A while back cURL's creator, Daniel Stenberg, tweeted some stats on cURL's git repository.
I have a pretty good idea about how he answered those questions. I bet he used some tools like sed, awk, and grep. If I had to answer those questions I too might use those CLI utilities with a throw away shell pipeline. But I wondered what it would be like to answer those questions semantic web style.
In order to answer questions semantic web style you first have to find or make some thoughtful RDF. I say "thoughtful" because it is possible, though mostly not desirable, to use the semantic web stack (RDF/SPARQL/OWL/SHACL, etc.) without doing much domain modeling.
In our case we can easily get some structured data to start with. Here is a git commit I just made:
commit e3c3d94d1748316dce192e76dca0d2baa82e9c27
Author: Justin <[email protected]>
Date: Tue Aug 23 07:24:29 2022 -0400
some creatures
added four creatures
diff --git a/some.txt b/some.txt
new file mode 100644
index 0000000..882149f
--- /dev/null
+++ b/some.txt
@@ -0,0 +1,4 @@
+some pig.
+some rat.
+some goose.
+some spider.
Notice how compact that representation is.
The meat of that text is the unified output format of the diff
tool.
If you work with git much you probably recognize what most of that is.
But the semantic web isn't about just allowing you to work with data you already know how to decipher.

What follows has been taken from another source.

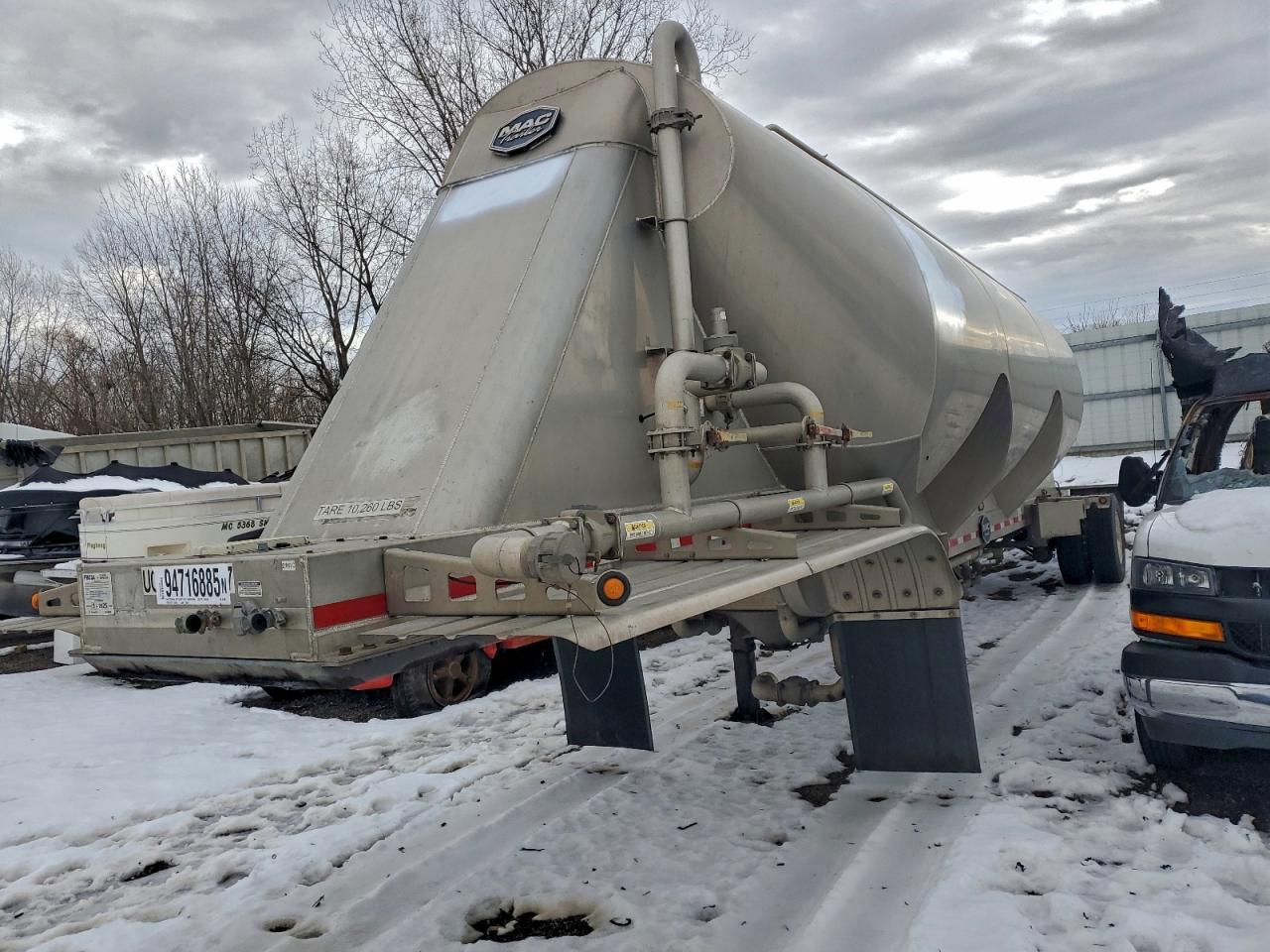 2012 MAC Pneumatic DRY Bulk Trailer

To participate in the semantic web we need to unpack this compact application-centric representation into a data-centric representation so that others don't need to do the deciphering.

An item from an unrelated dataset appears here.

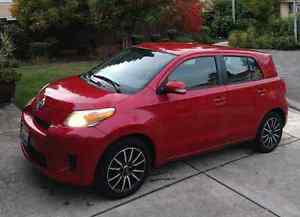  Scion xD Base Hatchback 5-Door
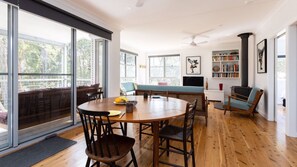 Interior - Dharraani House a Depot Beach Classic across the road from the beach (Depot Beach)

In the semantic web we want data to wear its meaning on its sleeve.
That compact representation is fine for the diff
and patch
tools but doesn't really check any of these boxes:
Ok, I ran my conversion tool on that commit and it transformed that representation into a thoughtful RDF graph.
Let's take a look (using RDFox's graph viz):
You'll notice that commits have parts: hunks.
Those hunks, when applied, produce contiguous lines.
Those contiguous lines:
- occur in a text file with a name
- are identified by a line number
- have a magnitude with a unit of measure (line count)
- and have the literal contained text
Note that I've used Wikidata entities because Wikidata is a nice hub in the semantic web. Here is a Wikidata subgraph with labels that are relevant for the RDF I've produced:
@prefix rdfs: <http://www.w3.org/2000/01/rdf-schema#> .
@prefix wd: <http://www.wikidata.org/entity/> .
wd:Q113509427 rdfs:label "hunk"@en .
wd:Q86920 rdfs:label "text file"@en .
wd:Q20058545 rdfs:label "commit"@en .
wd:Q6553274 rdfs:label "line number"@en .
wd:Q113515824 rdfs:label "contiguous lines"@en .
By the way, don't let those Q numbers scare you.
I don't memorize them (well I do have wd:Q2 memorized since it is pretty special).
I use auto completion in my text editor and Wikidata has it here too.
You just type wd:
then press control-enter then type what you want.
Also, Wikidata has some good reasons for using opaque IRIs.
Here is the RDF graph (the same one as in the image above) in turtle serialization:
@prefix : <http://example.com/> .
@prefix dcterms: <http://purl.org/dc/terms/> .
@prefix gist: <https://ontologies.semanticarts.com/gist/> .
@prefix rdf: <http://www.w3.org/1999/02/22-rdf-syntax-ns#> .
@prefix rdfs: <http://www.w3.org/2000/01/rdf-schema#> .
@prefix schema: <https://schema.org/> .
@prefix wd: <http://www.wikidata.org/entity/> .
@prefix xsd: <http://www.w3.org/2001/XMLSchema#> .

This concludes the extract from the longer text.